HERE’S WHO will see their reputation suffer if Maryland’s $5.8 billion Purple Line project, which would connect close-in suburbs just north of the District of Columbia, collapses mid-construction, as now seems possible: everyone involved.

The light-rail Purple Line — one of the country’s most ambitious transit projects, decades in the planning — would run 16 miles in a squiggling arc, its 21 stations connecting neighborhoods, employment hubs and spokes of Metro’s subway lines in Montgomery and Prince George’s counties. It would be a boon to commuters and to older communities inside the Beltway that have not shared in the region’s exploding prosperity.

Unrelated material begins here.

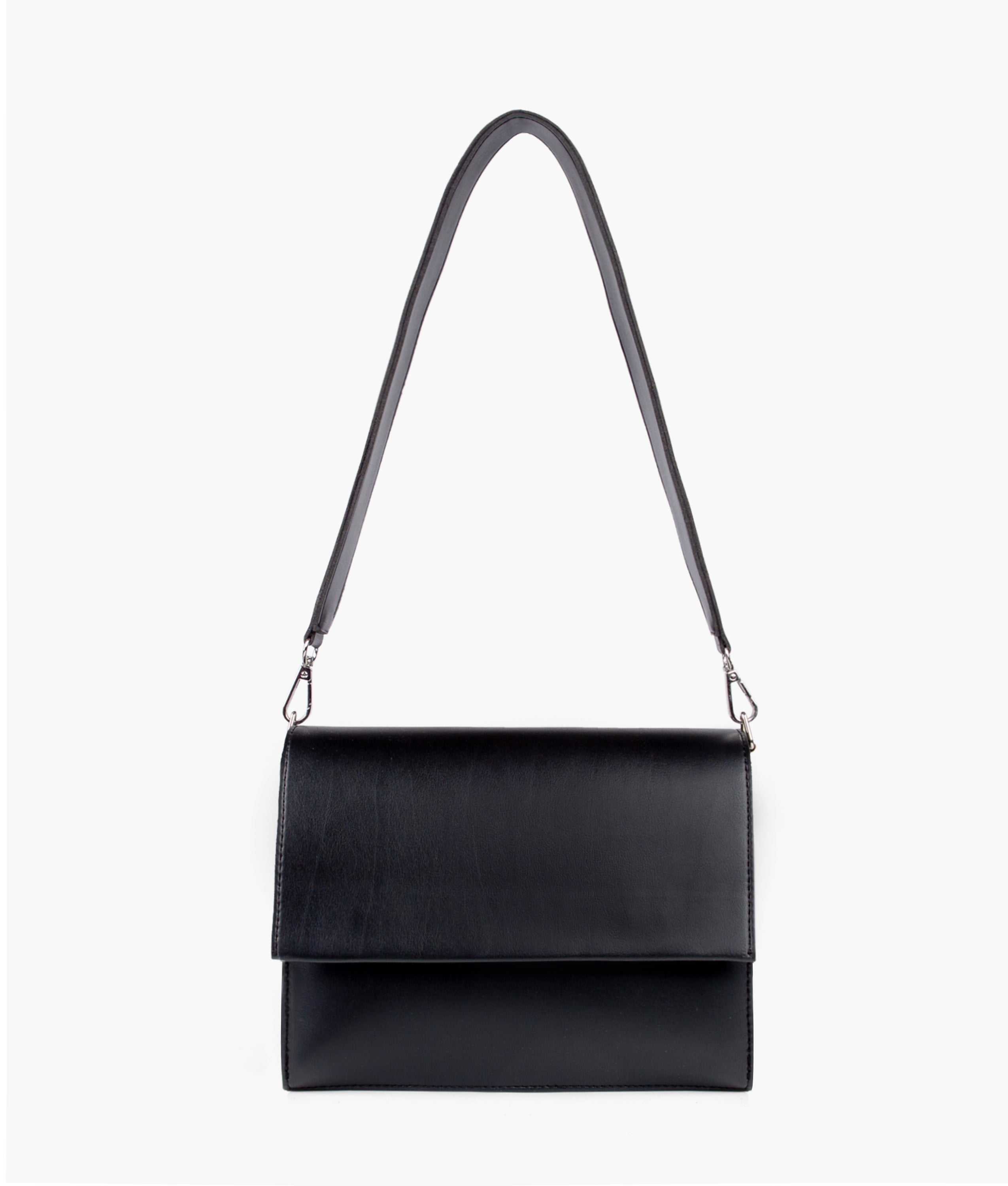 Z.B - Black mini cross-body bag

Despite those clear benefits, it has faced a barrage of existential threats — the initial recalcitrance of the Trump administration, which threatened to end funding for all transit, and Gov. Larry Hogan, a Republican who regarded the project as unaffordable; the hostility of a federal judge, who issued a specious ruling intended to kill it; and dug-in opposition by well-off suburban neighbors who feared it would diminish a beloved walking and cycling trail. The Purple Line survived all that, for one overarching reason: It makes economic and transportation sense.

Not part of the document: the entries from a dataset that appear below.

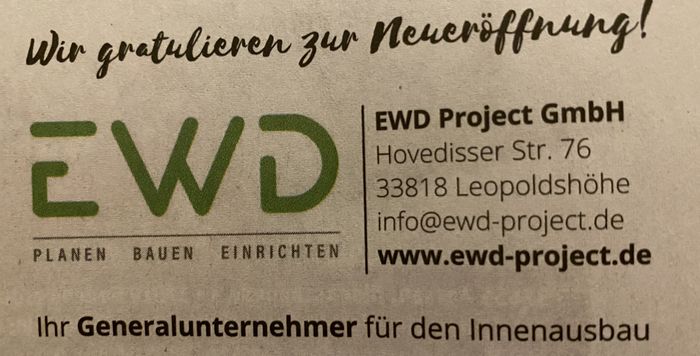 EWD Project GmbH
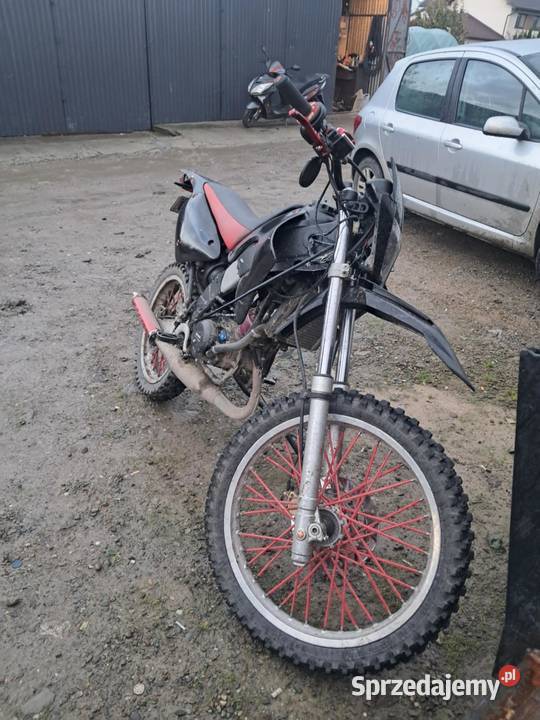 SPRZEDAMZAMIENIE PEUGEOT XPS 5090 derbi aprilia Rieju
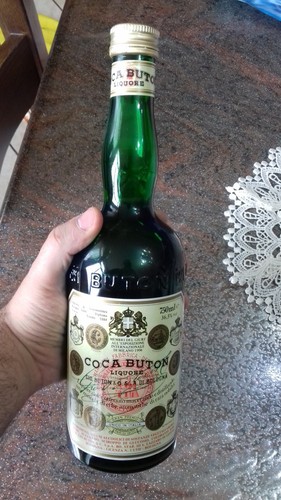 Coca buton liquore - coca,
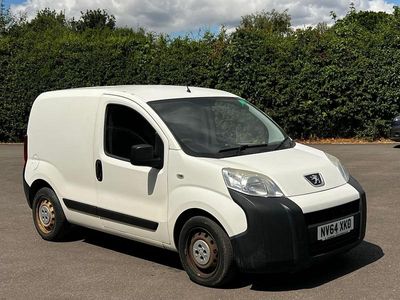 Peugeot Bipper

The bulldozers rolled in August 2017, but the problems did not end. Litigation by neighbors and rulings by the judge, though ultimately swept aside on appeal, delayed construction by more than a year — and added nearly $200 million to the project cost, according to the contractor. Several hundred million dollars more in cost overruns and additional delays arose from sluggish land acquisition by the state, and demands for design and engineering changes by a water utility and a nearby railroad. In early April, covid-19 prompted construction crews to self-quarantine after a project inspector tested positive. Completion of the project, originally promised for 2022, could be a year or more behind schedule at this point.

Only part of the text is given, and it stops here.